*WHAT TO PRODUCE*: Word for word, copy the records and drop the pictures.

*MATERIAL FOR THIS TASK*:
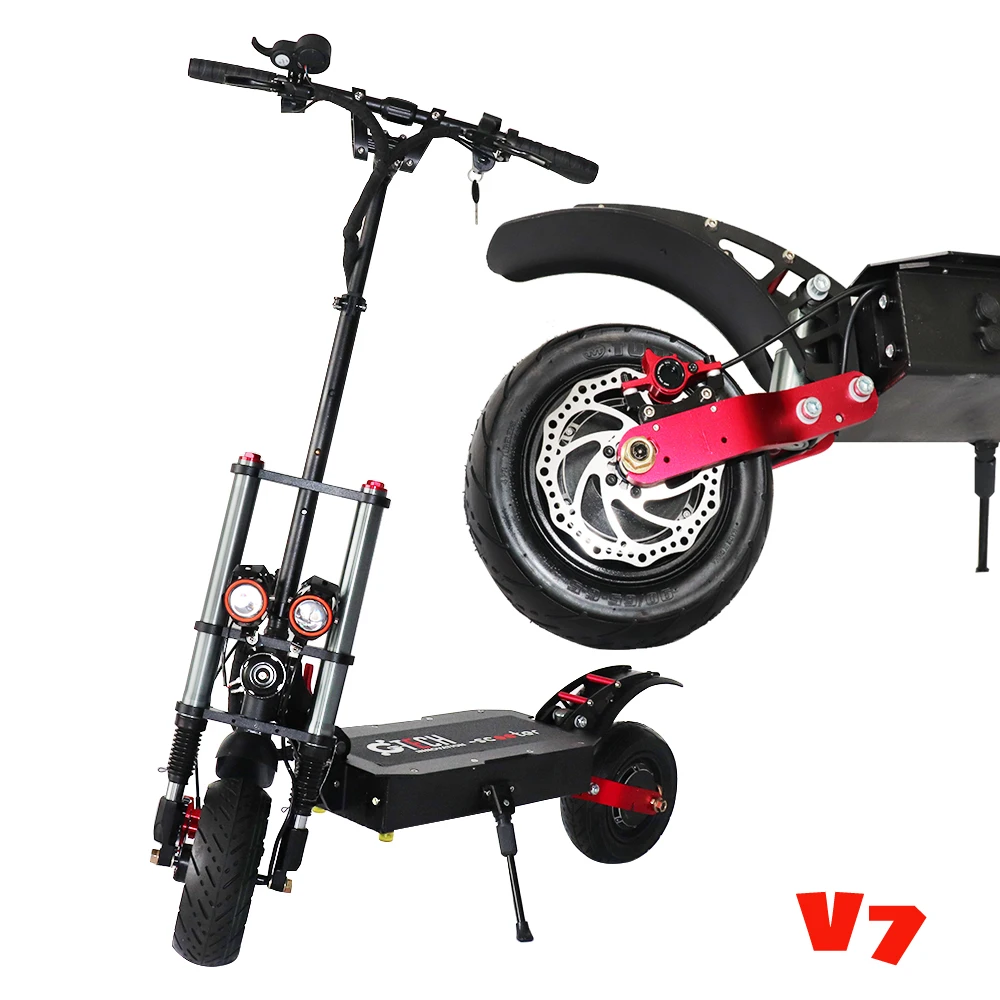 

2021 INXING factory wholesales Z9 5600w fat tire electric scooter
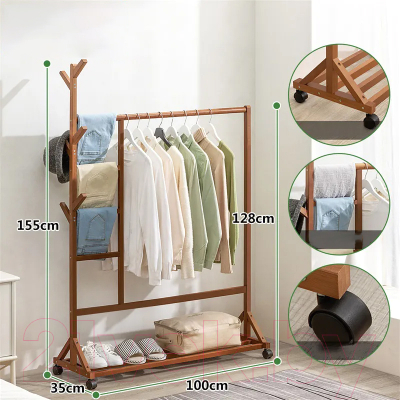 Стойка для одежды Mio Tesoro 108542121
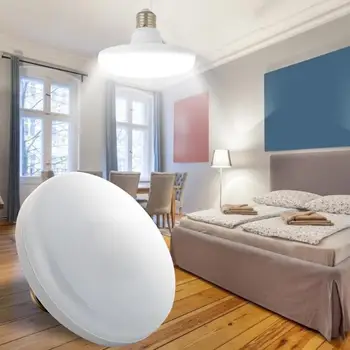 

20W 30W 40W E27 LED Light Bulb Waterproof Energy Saving Super Bright Flying Saucer Shape White Lamp Household Lights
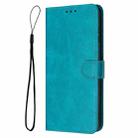 For Nothing CMF Phone 1 Solid Calf Texture Flip Leather Phone Case(Green) - 2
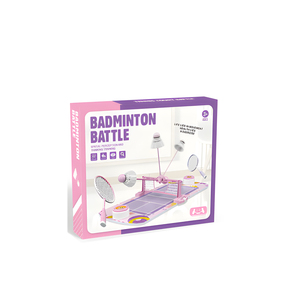 <span class=keywords><strong>Juego</strong></span> <span class=keywords><strong>de</strong></span> <span class=keywords><strong>mesa</strong></span> <span class=keywords><strong>de</strong></span> bádminton MILI Mini Court con 2 raquetas <span class=keywords><strong>de</strong></span> plástico ligeras para familias y amigos - Product Image 3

*EXERCISE SOLUTION*:
2021 INXING factory wholesales Z9 5600w fat tire electric scooter
 Стойка для одежды Mio Tesoro 108542121

20W 30W 40W E27 LED Light Bulb Waterproof Energy Saving Super Bright Flying Saucer Shape White Lamp Household Lights
 For Nothing CMF Phone 1 Solid Calf Texture Flip Leather Phone Case(Green) - 2
 <span class=keywords><strong>Juego</strong></span> <span class=keywords><strong>de</strong></span> <span class=keywords><strong>mesa</strong></span> <span class=keywords><strong>de</strong></span> bádminton MILI Mini Court con 2 raquetas <span class=keywords><strong>de</strong></span> plástico ligeras para familias y amigos - Product Image 3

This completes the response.